* [The task]
Transcribe all the material exactly. Leave every line as it is.
..............................
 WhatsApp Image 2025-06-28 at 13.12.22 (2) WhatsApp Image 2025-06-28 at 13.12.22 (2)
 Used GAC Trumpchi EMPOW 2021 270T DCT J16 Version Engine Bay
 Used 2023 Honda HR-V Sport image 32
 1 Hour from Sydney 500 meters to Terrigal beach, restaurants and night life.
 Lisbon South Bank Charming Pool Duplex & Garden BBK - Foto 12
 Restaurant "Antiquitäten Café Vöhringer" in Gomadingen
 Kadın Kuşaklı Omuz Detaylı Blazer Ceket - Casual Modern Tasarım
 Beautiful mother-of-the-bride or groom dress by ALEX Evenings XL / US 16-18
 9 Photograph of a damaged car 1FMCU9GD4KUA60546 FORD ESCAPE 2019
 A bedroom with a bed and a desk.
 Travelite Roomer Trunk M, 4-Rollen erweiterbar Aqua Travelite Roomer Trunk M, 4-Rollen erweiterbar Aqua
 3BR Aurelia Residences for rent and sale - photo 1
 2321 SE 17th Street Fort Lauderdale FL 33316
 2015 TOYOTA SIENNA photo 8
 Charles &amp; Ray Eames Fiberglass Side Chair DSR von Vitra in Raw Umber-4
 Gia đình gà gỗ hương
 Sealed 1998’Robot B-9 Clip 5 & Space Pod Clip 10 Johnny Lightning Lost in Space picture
..............................
* [Answer to the exercise]
 WhatsApp Image 2025-06-28 at 13.12.22 (2) WhatsApp Image 2025-06-28 at 13.12.22 (2)
 Used GAC Trumpchi EMPOW 2021 270T DCT J16 Version Engine Bay
 Used 2023 Honda HR-V Sport image 32
 1 Hour from Sydney 500 meters to Terrigal beach, restaurants and night life.
 Lisbon South Bank Charming Pool Duplex & Garden BBK - Foto 12
 Restaurant "Antiquitäten Café Vöhringer" in Gomadingen
 Kadın Kuşaklı Omuz Detaylı Blazer Ceket - Casual Modern Tasarım
 Beautiful mother-of-the-bride or groom dress by ALEX Evenings XL / US 16-18
 9 Photograph of a damaged car 1FMCU9GD4KUA60546 FORD ESCAPE 2019
 A bedroom with a bed and a desk.
 Travelite Roomer Trunk M, 4-Rollen erweiterbar Aqua Travelite Roomer Trunk M, 4-Rollen erweiterbar Aqua
 3BR Aurelia Residences for rent and sale - photo 1
 2321 SE 17th Street Fort Lauderdale FL 33316
 2015 TOYOTA SIENNA photo 8
 Charles &amp; Ray Eames Fiberglass Side Chair DSR von Vitra in Raw Umber-4
 Gia đình gà gỗ hương
 Sealed 1998’Robot B-9 Clip 5 & Space Pod Clip 10 Johnny Lightning Lost in Space picture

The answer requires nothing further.